One of the fascinating parts of The World Is Flat relates the journeys that all the parts of Tom Friedman’s new laptop took before being assembled at Penang, Maylasia. It was co-designed in Austin, TX and Taiwan. Parts came from sources around the planet, some with multiple possible creation countries – here’s the list: Phillipines, Cost Rica, Malaysia, China, Taiwan, Korea, Germany, Japan, Shanghai, Mexico, Indonesia, Thailand, Britain, Ireland, India, and Israel. Americans own companies involved in this supply chain in several of those countries.
Tom’s old Golden Arches Theory of Conflict Prevention – that countries whose level of economic development supports a big enough middle class to support a network of McDonald’s don’t like to fight wars any more – has been updated to the Dell Theory of Confict Prevention: no two countries that are both part of a major global supply chain (like Dell’s) will ever fight a war against each other as long as they are both part of the same global supply chain.

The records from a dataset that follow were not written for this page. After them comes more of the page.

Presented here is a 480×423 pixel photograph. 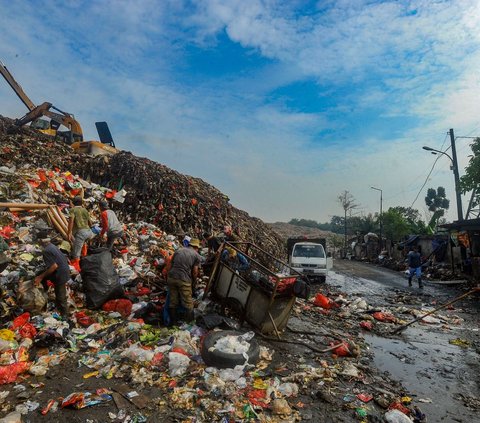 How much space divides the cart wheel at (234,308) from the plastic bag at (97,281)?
79.3 inches

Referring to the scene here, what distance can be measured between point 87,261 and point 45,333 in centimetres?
150

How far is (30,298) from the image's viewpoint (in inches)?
205

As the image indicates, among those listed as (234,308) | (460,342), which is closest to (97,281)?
(234,308)

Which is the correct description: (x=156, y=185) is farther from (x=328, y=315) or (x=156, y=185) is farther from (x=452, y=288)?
(x=452, y=288)

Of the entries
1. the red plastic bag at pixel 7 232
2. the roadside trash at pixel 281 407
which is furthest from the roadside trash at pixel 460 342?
the red plastic bag at pixel 7 232

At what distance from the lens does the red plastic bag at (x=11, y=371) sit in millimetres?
3766

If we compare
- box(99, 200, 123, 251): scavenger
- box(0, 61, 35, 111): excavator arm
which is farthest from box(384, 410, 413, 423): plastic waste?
box(0, 61, 35, 111): excavator arm

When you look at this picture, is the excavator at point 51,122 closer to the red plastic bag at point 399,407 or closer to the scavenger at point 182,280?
the scavenger at point 182,280

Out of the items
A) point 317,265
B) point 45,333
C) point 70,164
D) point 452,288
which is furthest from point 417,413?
point 70,164

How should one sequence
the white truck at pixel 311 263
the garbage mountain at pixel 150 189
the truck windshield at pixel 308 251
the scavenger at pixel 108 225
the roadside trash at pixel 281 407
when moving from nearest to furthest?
the roadside trash at pixel 281 407, the scavenger at pixel 108 225, the garbage mountain at pixel 150 189, the white truck at pixel 311 263, the truck windshield at pixel 308 251

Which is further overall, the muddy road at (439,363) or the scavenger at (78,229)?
the scavenger at (78,229)

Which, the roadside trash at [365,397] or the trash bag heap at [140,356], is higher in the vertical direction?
the trash bag heap at [140,356]

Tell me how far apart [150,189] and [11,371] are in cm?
872

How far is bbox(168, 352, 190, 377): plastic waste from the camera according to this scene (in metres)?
4.14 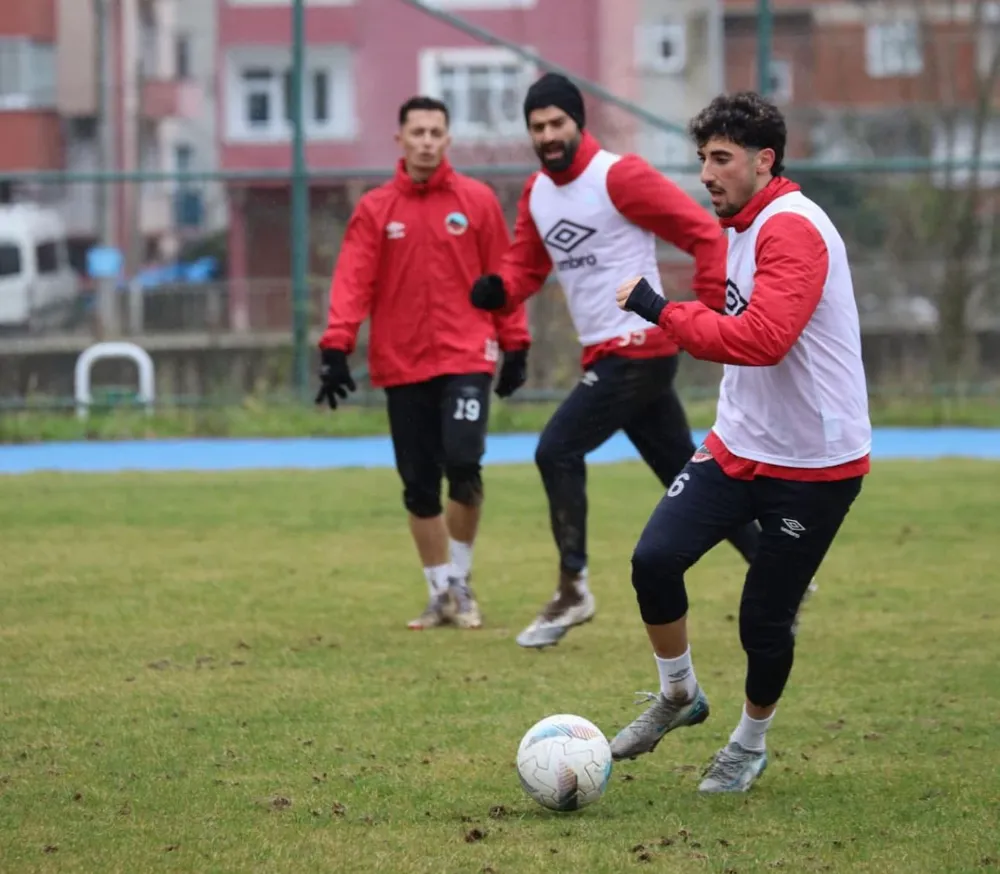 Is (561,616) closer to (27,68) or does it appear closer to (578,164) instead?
(578,164)

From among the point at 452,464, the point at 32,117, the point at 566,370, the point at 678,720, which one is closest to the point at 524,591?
the point at 452,464

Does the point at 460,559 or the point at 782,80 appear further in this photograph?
the point at 782,80

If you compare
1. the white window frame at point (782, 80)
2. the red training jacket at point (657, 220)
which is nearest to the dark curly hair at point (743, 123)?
the red training jacket at point (657, 220)

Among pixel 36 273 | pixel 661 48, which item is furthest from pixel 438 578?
pixel 661 48

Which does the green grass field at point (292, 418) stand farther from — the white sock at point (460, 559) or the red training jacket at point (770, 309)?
the red training jacket at point (770, 309)

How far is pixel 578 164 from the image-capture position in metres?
7.64

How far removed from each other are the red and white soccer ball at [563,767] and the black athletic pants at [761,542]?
20.9 inches

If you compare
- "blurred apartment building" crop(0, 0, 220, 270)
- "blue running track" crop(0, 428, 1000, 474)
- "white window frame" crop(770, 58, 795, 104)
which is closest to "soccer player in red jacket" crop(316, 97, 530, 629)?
"blue running track" crop(0, 428, 1000, 474)

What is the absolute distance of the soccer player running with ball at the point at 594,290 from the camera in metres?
7.55

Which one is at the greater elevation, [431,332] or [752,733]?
[431,332]

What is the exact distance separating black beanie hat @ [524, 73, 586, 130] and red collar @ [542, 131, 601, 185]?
80 millimetres

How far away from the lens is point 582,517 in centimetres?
777

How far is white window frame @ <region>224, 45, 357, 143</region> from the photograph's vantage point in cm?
1798

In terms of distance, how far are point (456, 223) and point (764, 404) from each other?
10.5 feet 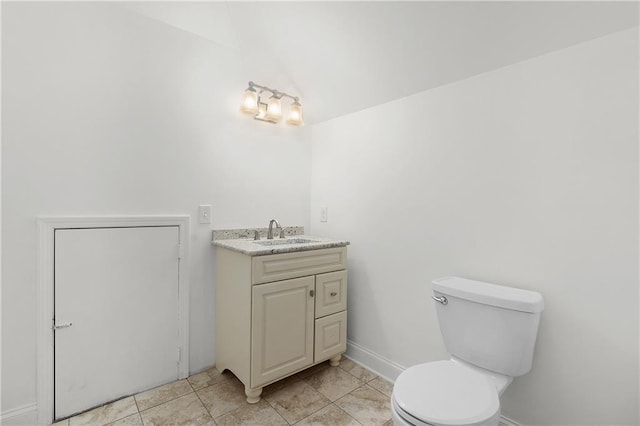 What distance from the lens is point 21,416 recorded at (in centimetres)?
143

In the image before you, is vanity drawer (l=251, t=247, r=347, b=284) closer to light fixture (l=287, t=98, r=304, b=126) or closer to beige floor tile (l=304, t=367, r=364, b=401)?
beige floor tile (l=304, t=367, r=364, b=401)

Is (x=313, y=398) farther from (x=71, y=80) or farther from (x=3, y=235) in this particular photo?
(x=71, y=80)

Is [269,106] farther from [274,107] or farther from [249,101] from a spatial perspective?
[249,101]

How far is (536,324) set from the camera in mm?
1233

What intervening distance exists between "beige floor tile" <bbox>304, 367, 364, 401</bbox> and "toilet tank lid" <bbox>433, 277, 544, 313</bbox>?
0.87 m

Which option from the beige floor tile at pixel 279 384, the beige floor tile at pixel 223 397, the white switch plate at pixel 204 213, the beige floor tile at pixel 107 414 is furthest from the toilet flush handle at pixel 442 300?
the beige floor tile at pixel 107 414

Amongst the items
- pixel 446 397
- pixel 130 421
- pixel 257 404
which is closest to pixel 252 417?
pixel 257 404

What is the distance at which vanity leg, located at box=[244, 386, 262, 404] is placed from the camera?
1654 millimetres

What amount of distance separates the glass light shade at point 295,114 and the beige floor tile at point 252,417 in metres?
1.83

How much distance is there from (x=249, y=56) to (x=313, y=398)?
7.36 feet

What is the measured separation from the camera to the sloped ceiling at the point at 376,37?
1.25 m

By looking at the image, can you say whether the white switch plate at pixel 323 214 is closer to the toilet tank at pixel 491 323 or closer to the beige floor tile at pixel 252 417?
the toilet tank at pixel 491 323

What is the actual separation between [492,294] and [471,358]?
316 mm

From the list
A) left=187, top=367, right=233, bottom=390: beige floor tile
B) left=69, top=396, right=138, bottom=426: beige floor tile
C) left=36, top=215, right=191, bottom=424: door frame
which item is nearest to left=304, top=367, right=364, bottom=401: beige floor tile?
left=187, top=367, right=233, bottom=390: beige floor tile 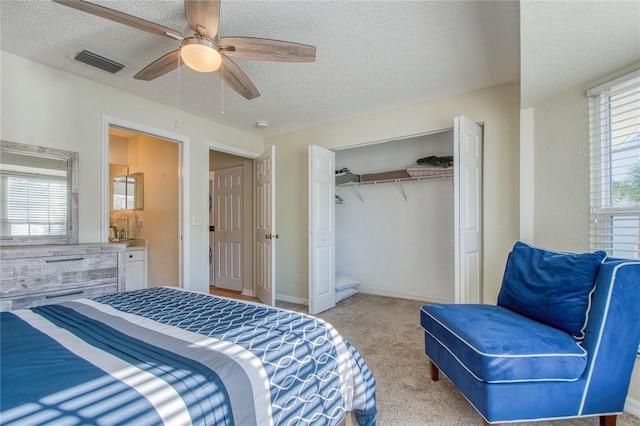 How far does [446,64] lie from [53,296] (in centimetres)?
357

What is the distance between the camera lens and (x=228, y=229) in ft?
16.0

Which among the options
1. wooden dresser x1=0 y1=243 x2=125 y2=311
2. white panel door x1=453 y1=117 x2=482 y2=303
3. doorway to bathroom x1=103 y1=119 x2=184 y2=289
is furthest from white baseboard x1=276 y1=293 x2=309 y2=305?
wooden dresser x1=0 y1=243 x2=125 y2=311

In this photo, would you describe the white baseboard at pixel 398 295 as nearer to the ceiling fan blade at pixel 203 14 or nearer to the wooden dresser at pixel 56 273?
the wooden dresser at pixel 56 273

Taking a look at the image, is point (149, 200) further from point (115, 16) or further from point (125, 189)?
point (115, 16)

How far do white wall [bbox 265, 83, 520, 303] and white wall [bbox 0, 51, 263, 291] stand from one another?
1263mm

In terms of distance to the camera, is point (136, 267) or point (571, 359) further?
point (136, 267)

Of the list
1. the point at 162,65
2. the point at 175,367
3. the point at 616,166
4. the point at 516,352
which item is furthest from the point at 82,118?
the point at 616,166

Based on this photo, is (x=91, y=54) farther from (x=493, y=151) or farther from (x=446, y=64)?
(x=493, y=151)

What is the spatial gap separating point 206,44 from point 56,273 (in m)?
2.00

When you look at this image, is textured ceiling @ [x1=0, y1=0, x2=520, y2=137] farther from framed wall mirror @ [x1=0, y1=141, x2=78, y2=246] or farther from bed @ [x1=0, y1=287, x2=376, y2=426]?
bed @ [x1=0, y1=287, x2=376, y2=426]

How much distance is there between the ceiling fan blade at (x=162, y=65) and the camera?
181 cm

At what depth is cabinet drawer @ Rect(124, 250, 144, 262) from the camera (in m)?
3.94

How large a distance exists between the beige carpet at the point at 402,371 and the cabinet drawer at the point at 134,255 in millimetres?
Answer: 2673

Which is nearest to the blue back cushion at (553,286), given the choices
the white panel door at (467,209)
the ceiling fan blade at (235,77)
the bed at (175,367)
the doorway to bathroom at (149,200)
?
the white panel door at (467,209) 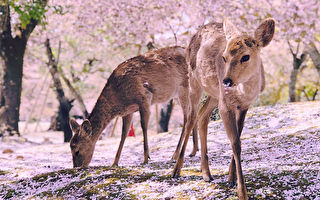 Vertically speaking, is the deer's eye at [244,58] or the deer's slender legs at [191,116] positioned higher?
the deer's eye at [244,58]

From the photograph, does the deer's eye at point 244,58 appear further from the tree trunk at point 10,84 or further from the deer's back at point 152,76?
the tree trunk at point 10,84

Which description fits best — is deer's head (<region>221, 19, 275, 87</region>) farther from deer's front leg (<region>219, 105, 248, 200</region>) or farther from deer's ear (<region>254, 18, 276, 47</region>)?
deer's front leg (<region>219, 105, 248, 200</region>)

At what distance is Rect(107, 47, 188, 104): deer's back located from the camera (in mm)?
6977

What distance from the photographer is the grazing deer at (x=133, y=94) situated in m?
6.49

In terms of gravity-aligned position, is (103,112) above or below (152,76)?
below

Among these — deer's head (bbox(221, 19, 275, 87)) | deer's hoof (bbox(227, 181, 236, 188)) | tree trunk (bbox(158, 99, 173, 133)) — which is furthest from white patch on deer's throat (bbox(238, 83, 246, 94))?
tree trunk (bbox(158, 99, 173, 133))

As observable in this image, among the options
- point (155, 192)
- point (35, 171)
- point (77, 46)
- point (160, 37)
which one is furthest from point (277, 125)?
point (77, 46)

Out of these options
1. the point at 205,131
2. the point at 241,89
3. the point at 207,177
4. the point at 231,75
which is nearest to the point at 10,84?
the point at 205,131

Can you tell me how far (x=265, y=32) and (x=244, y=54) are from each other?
322mm

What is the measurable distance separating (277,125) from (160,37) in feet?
32.3

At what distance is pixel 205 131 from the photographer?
4574 millimetres

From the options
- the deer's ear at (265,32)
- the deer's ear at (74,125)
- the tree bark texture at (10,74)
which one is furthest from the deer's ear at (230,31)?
the tree bark texture at (10,74)

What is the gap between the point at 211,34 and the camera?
466 centimetres

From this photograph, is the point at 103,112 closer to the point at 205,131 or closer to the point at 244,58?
the point at 205,131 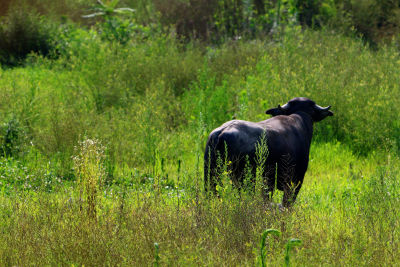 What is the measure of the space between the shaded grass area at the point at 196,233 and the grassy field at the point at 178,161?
0.05 ft

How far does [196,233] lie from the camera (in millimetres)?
4355

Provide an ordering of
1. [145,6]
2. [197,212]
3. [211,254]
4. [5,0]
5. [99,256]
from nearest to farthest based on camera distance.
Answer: [211,254], [99,256], [197,212], [5,0], [145,6]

The book ends with a chapter called Imagination. Tom uses the story of the Arab company Aramex, which is the only Arab company listed on the Nasdaq. He theorizes that there are no Indian Muslims in al-Quaeda because there are opportunities there now to participate in the Flat World, and says that it is no accident that the 3,000 Arab employees of Aramex – a Fed Ex type company – “want to deliver only packages that help economies grow and Arab people flourish – not suicide bombs.”
“Give me just one hundred more examples like Aramex,” says Tom, “and I will start to give you a different context – and narrative” for the Middle East and for peace on the planet.